* _Given records_
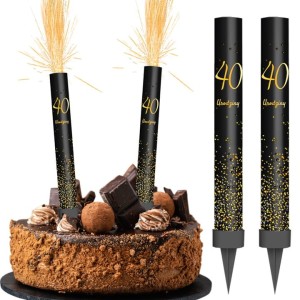FONTANNA Tortowa 40 URODZINY Czarna Czterdziestka 12cm 2szt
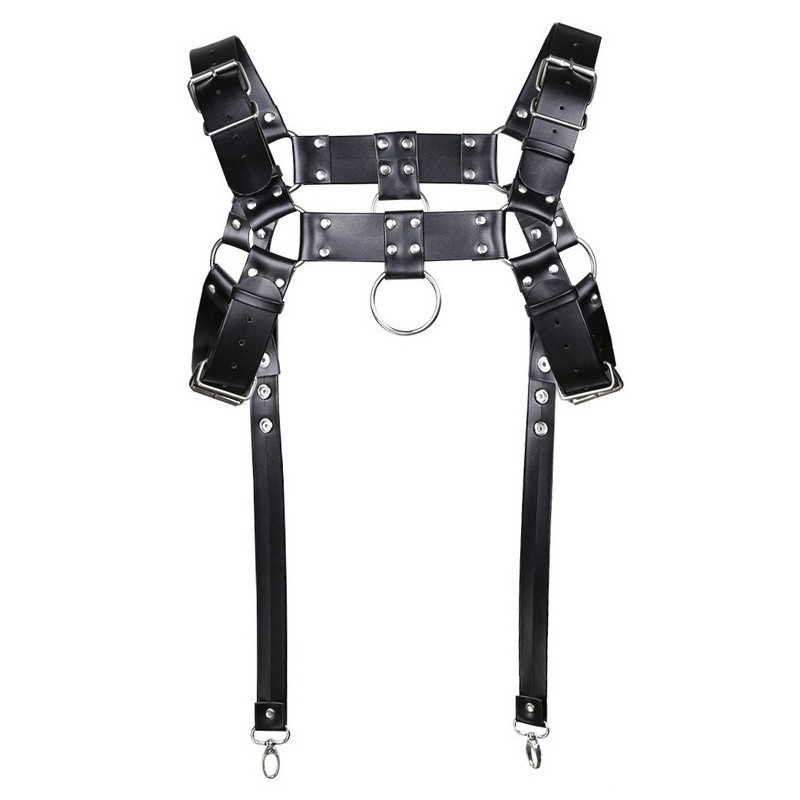 KinkHarness -Harnais Sm Garter Noir -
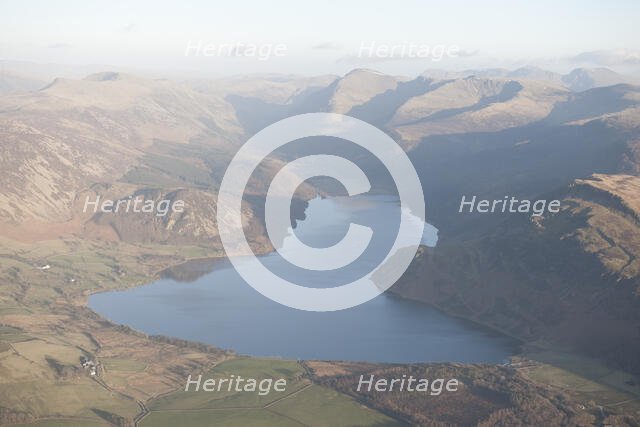 Ennerdale Water, from the west, Cumbria, 2015. Creator: Historic England.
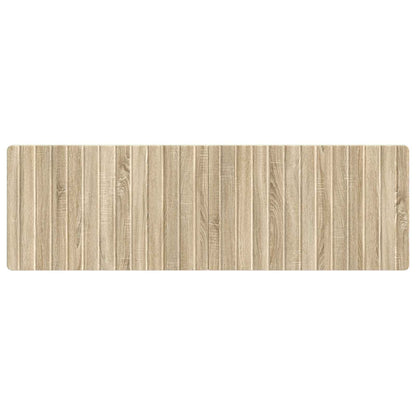 vidaXL Wall-Mounted Headboard ZWOLLE Sonoma Oak Engineered Wood
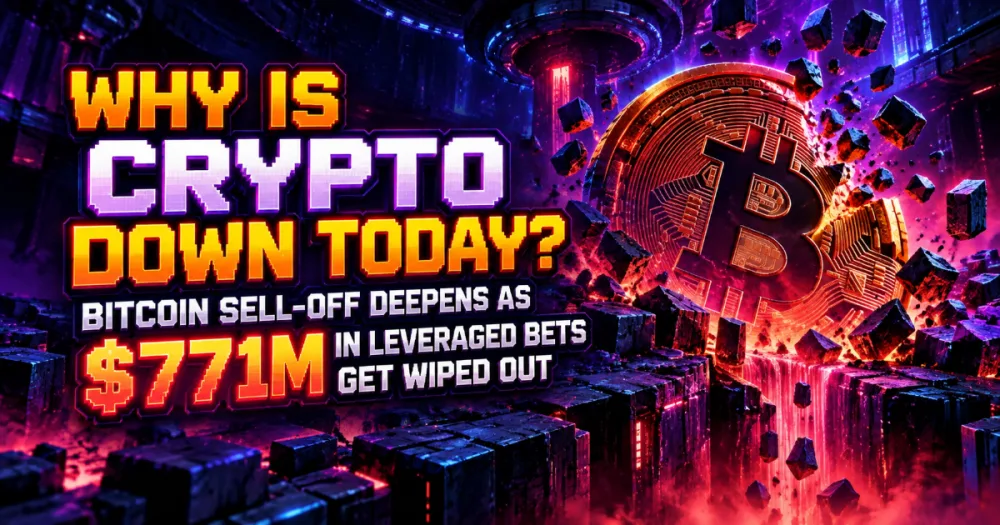 Why Is Crypto Down Today? Bitcoin Sell-Off Deepens as $771M in Leveraged Bets Get Wiped Out Why Is Crypto Down Today? Bitcoin Sell-Off Deepens as $771M in Leveraged Bets Get Wiped Out
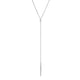 MICHAEL M Necklaces 14K White Gold Diamond Linear Drop Necklace CN216-WG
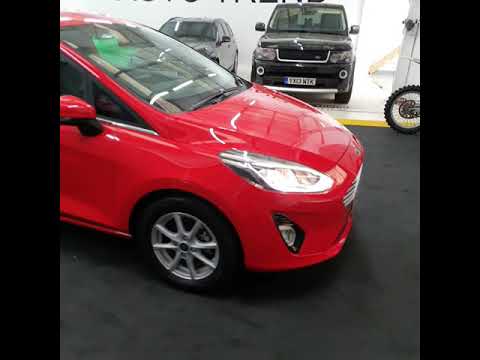 2018 FORD FIESTA 1.1 Ti VCT ZETEC 3 DR RED HATCH FOR SALE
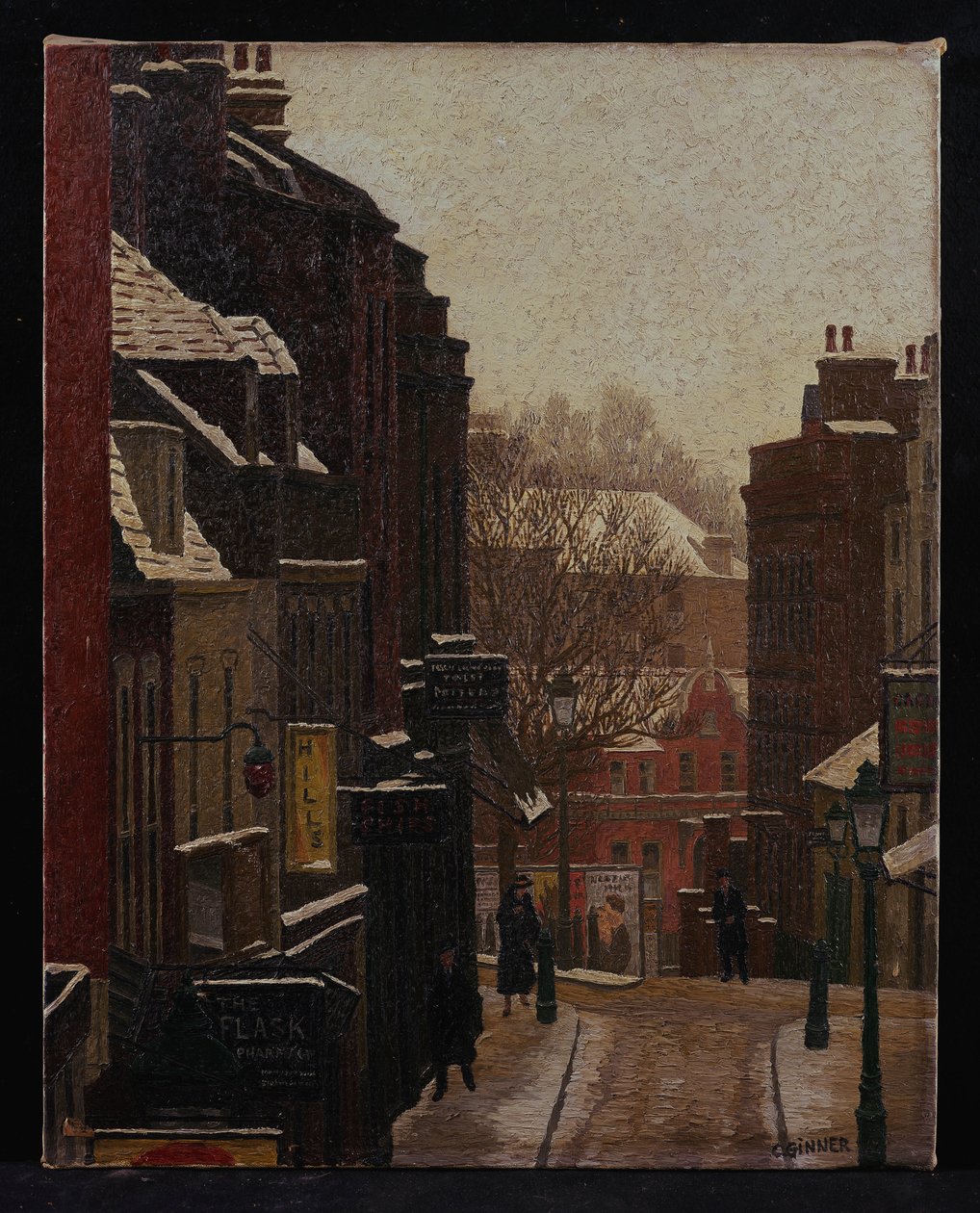Flask Walk sotto la Neve da Charles Ginner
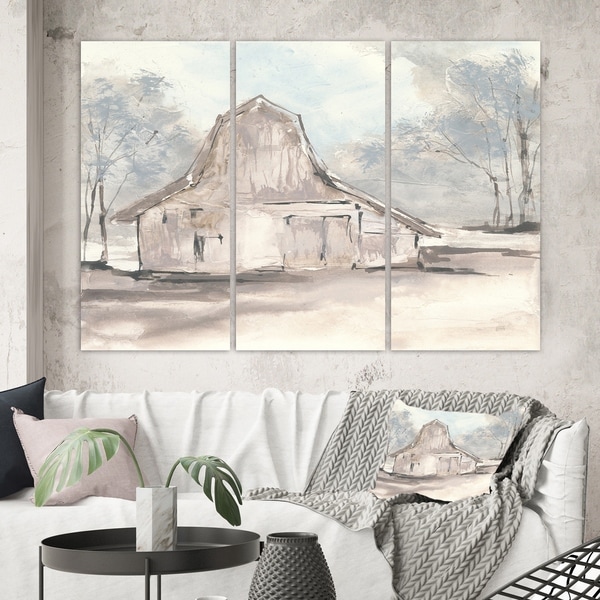 Designart 'Farmhouse Barn Grey VI' Modern Farmhouse Canvas Artwork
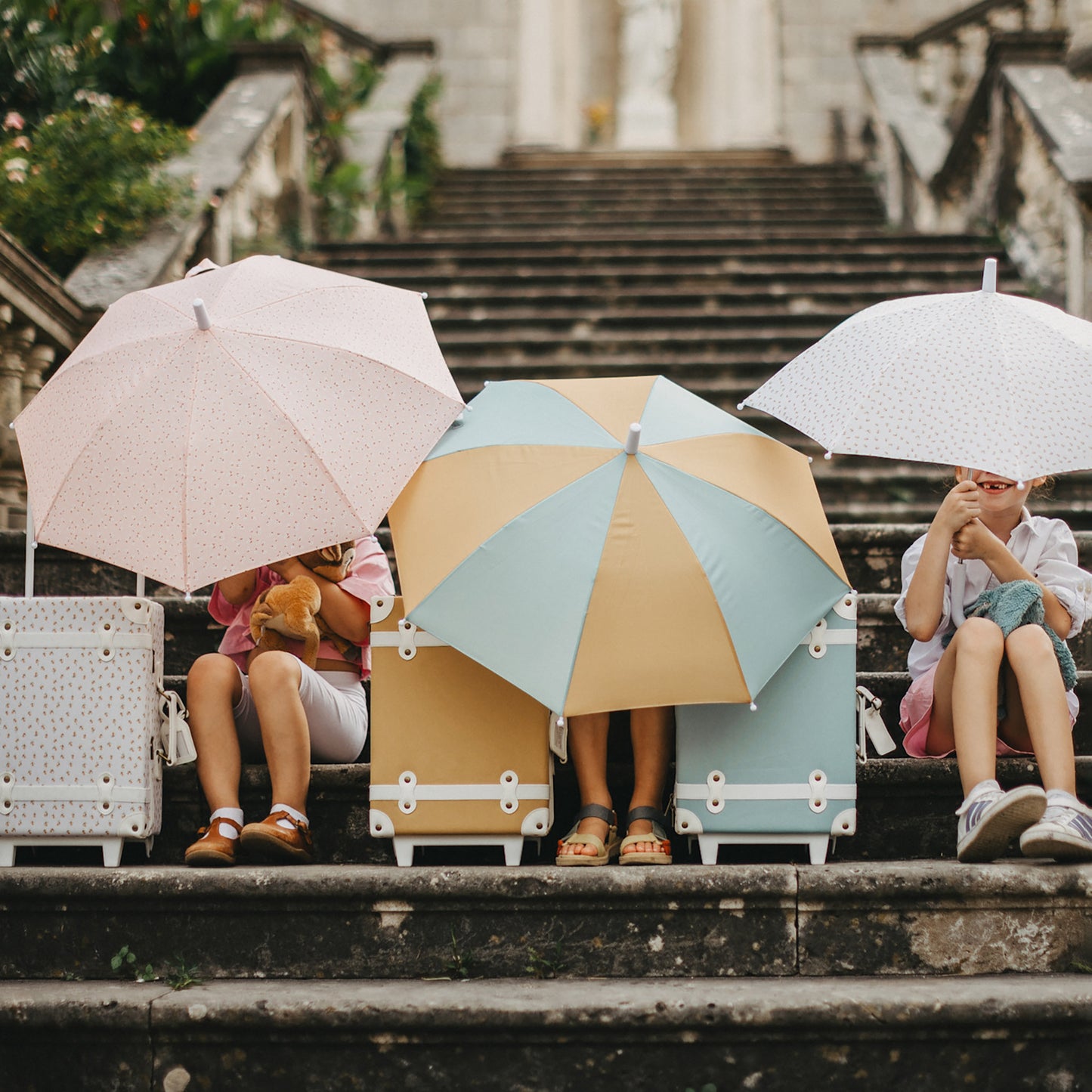 See-Ya Umbrella - Pink Daisies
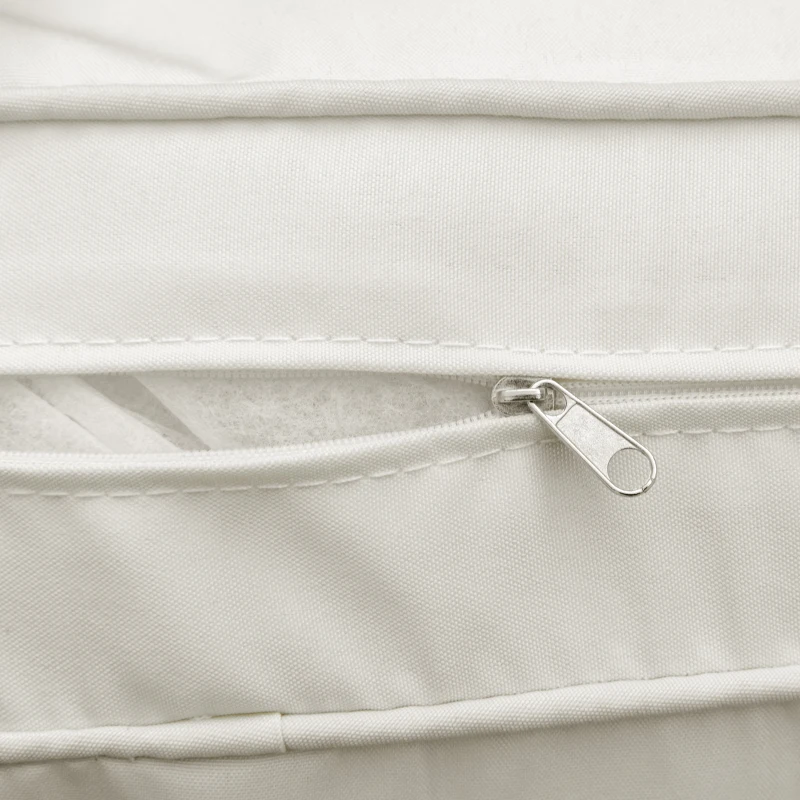 Outsunny Outdoor PE Rattan Wicker Recliner Rocker Chair w/ Soft Cushion for Garden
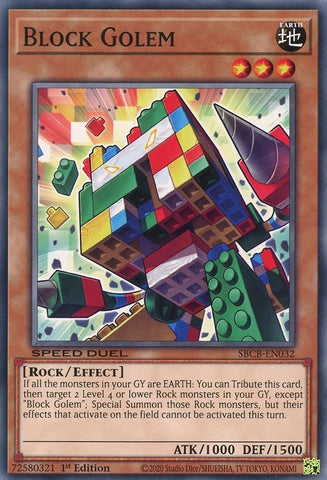 Block Golem (SBCB-EN032) [SBCB]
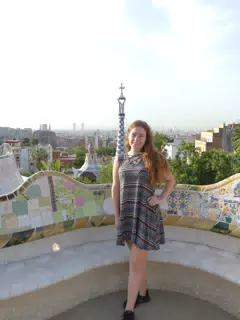 Madeline in Dress in Park Guell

* _What this task involves_
The copy has to start at the line that contains "Block Golem (SBCB-EN032) [SBCB]" and end at the last line of the material above, matching the original exactly and holding no pictures.

* _Finished task_
 Block Golem (SBCB-EN032) [SBCB]
 Madeline in Dress in Park Guell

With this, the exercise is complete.